Sovereignty of the seas and the intense rivalry with Genoa
From the 9th Century, trade with Byzantium and much of the East resulted in a rapid expansion of Venice The city became very important in the East after the Fourth Crusade which culminated, in 1204, in the sack of Constantinople and the establishment of the Latin Empire in the East. It was this major expansion of its power which gave rise to the great confrontation with Genoa which began in the East, continued in the Adriatic and only came to an end in the 14th century with the Treaty of Turin which brought to an end the war with the rival maritime republic.

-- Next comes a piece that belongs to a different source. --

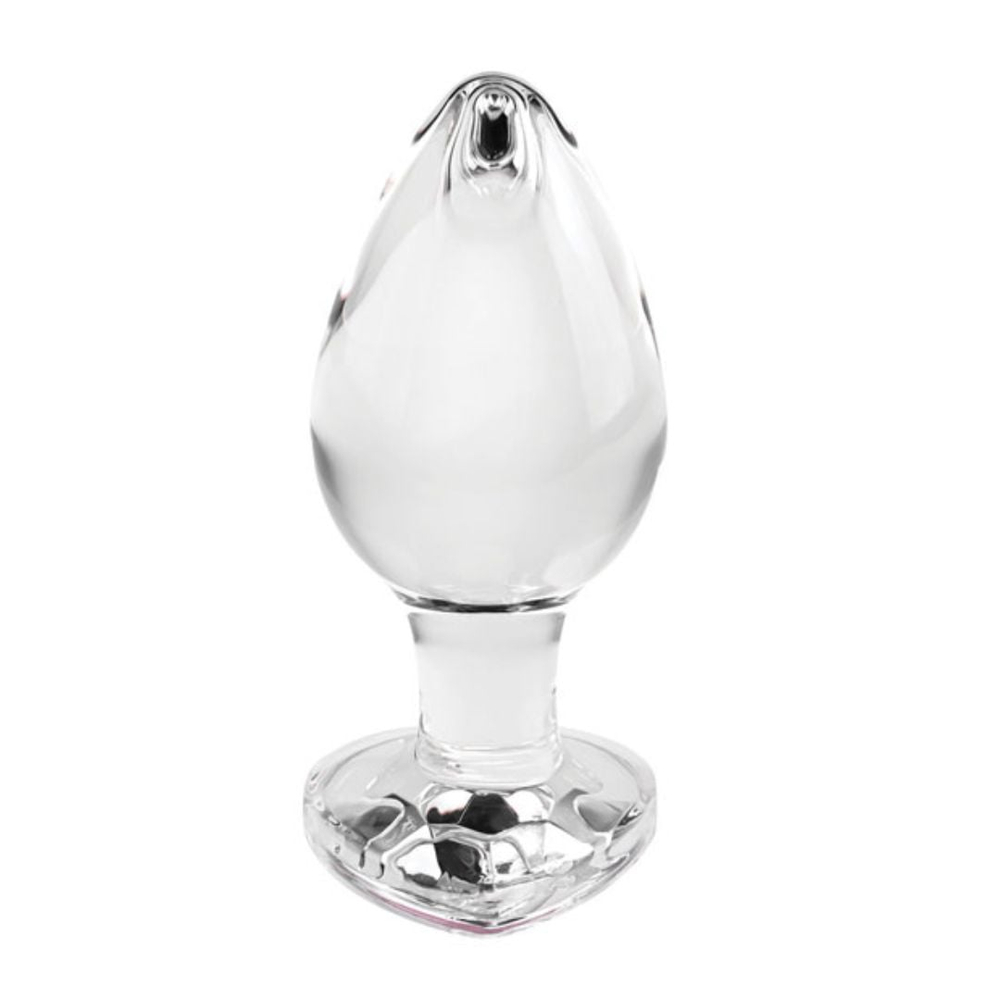 Plug Anal De Vidro Médio Com Pedra Brilhante Formato Coração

The hegemony of the neighbouring territories and the conflict with Turkey
Starting in the 14th century, Venice set out to conquer the most strategic areas of the mainland until it was able to boast a dominion which extended from the river Adda in the west as far as Friuli in the east, encompassing the whole area. During the same period, the Ottoman Turks were making their presence felt in the eastern Mediterranean, progressively weakening the Venetian dominion. The expansionist aims of La Serenissima, as the Venetians called their State, were eventually halted by the League of Cambrai. The League, which was established by the Austrian Hapsburgs, Spain and France, defeated the Venetians in 1509, thus bringing to an end their conquests in Italy. The decline of the Venetian Republic began at the end of 17th century and also hit artisan and manufacturing activity including jewellry, the glass industry, which since 1291 had been concentrated on Murano, and the printing industry. This decline led to Venice progressively becoming only a tourist centre and, in 1797, the Republic itself ceased to exist when it was ceded to Austria by Napoleon.
The period from the Unification of Italy until the present day
After the unification of Italy, Venice decided to focus on three areas: the port as a modern industrial base; the reorganisation of the historic centre; and a major construction of hotels to consolidate its position as a tourist destination. Today, Venice continues to concentrate the most important services within the city and attracts an impressive tide of tourists. In 1973, a special law for Venice came into effect to safeguard the lagoon and, in May 2003, work began (and has still not finished) on the much discussed and expensive “Mose System” under which mobile flood barriers will be installed to isolate the lagoon from the sea during high tides.